§ **TASK ITEM**:
In the entries that follow, the lines from the line containing "Budgie – Bandolier- 1975" up to and including the line containing "Mohnmühle, Gehäuse /" must be copied exactly, with pictures omitted.

§ **SUPPLIED RECORDS**:
=== Begin Enclosure ===

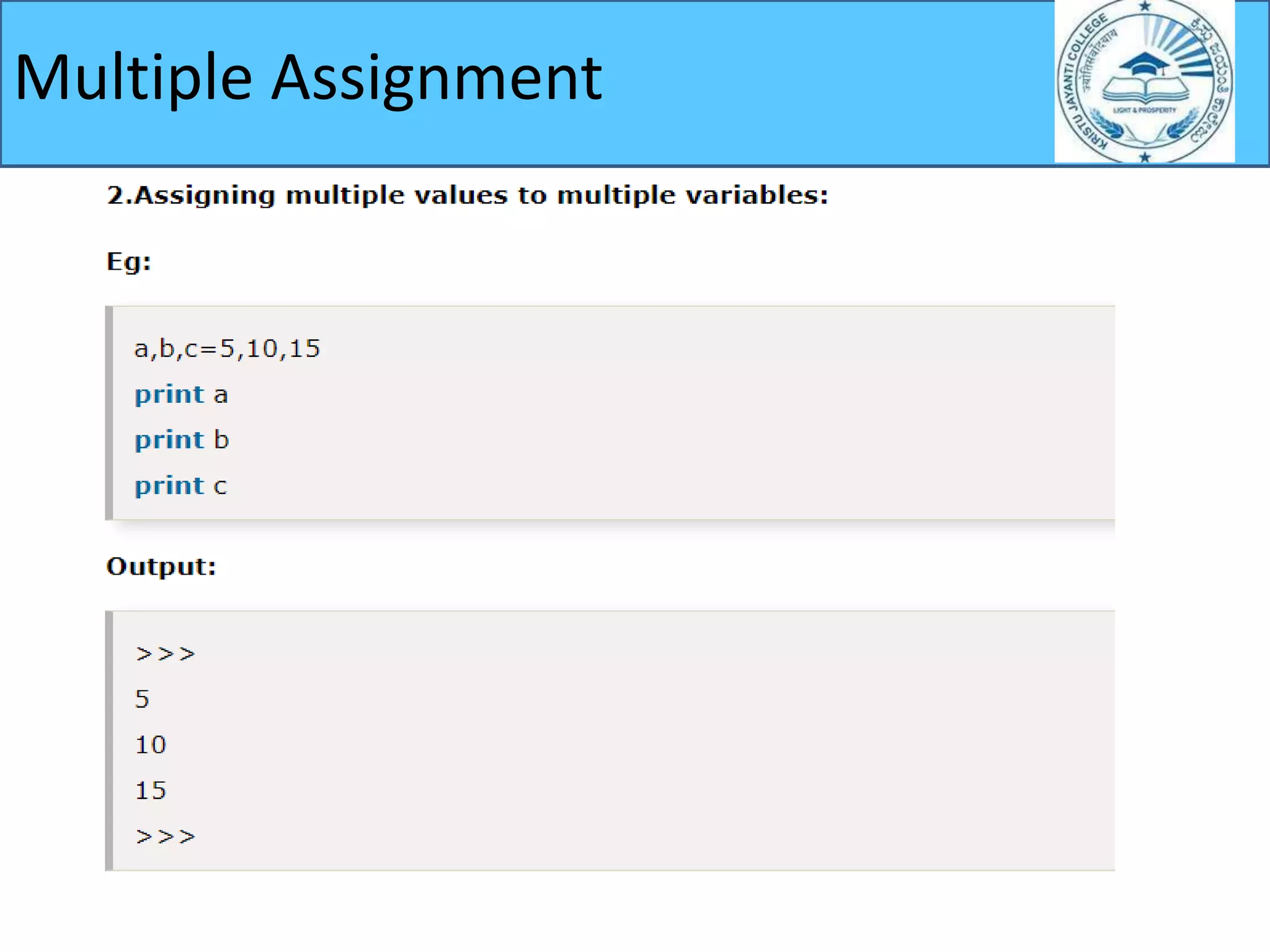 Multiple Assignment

=== End Enclosure ===
=== Begin Enclosure ===

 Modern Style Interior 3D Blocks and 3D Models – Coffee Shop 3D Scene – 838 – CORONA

=== End Enclosure ===
=== Begin Enclosure ===

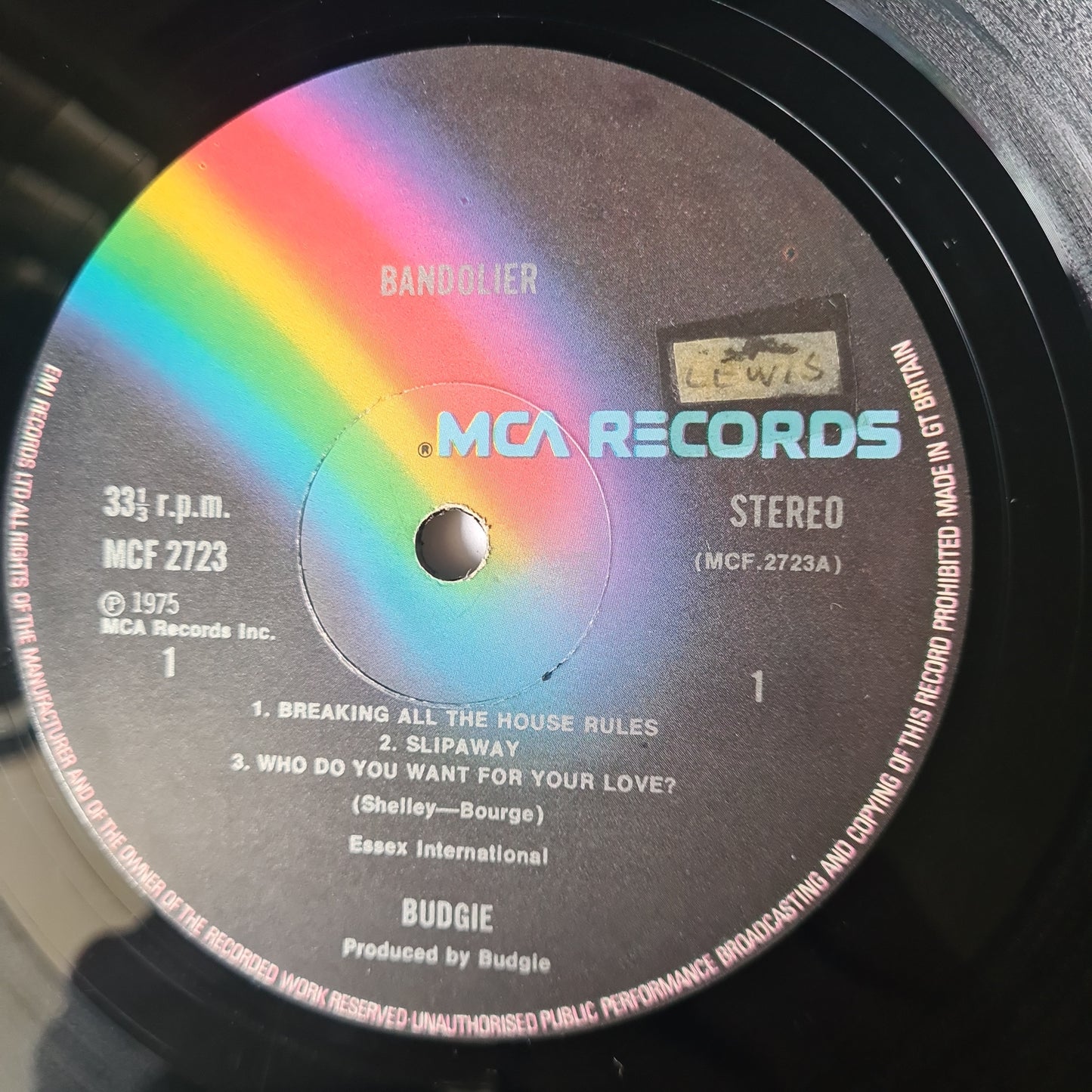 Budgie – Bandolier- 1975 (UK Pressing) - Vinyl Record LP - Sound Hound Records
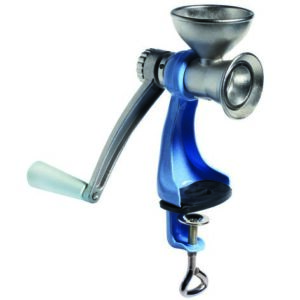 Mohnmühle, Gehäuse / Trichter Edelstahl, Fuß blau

=== End Enclosure ===

§ **ANSWER TO THE PROBLEM**:
 Budgie – Bandolier- 1975 (UK Pressing) - Vinyl Record LP - Sound Hound Records
 Mohnmühle, Gehäuse / Trichter Edelstahl, Fuß blau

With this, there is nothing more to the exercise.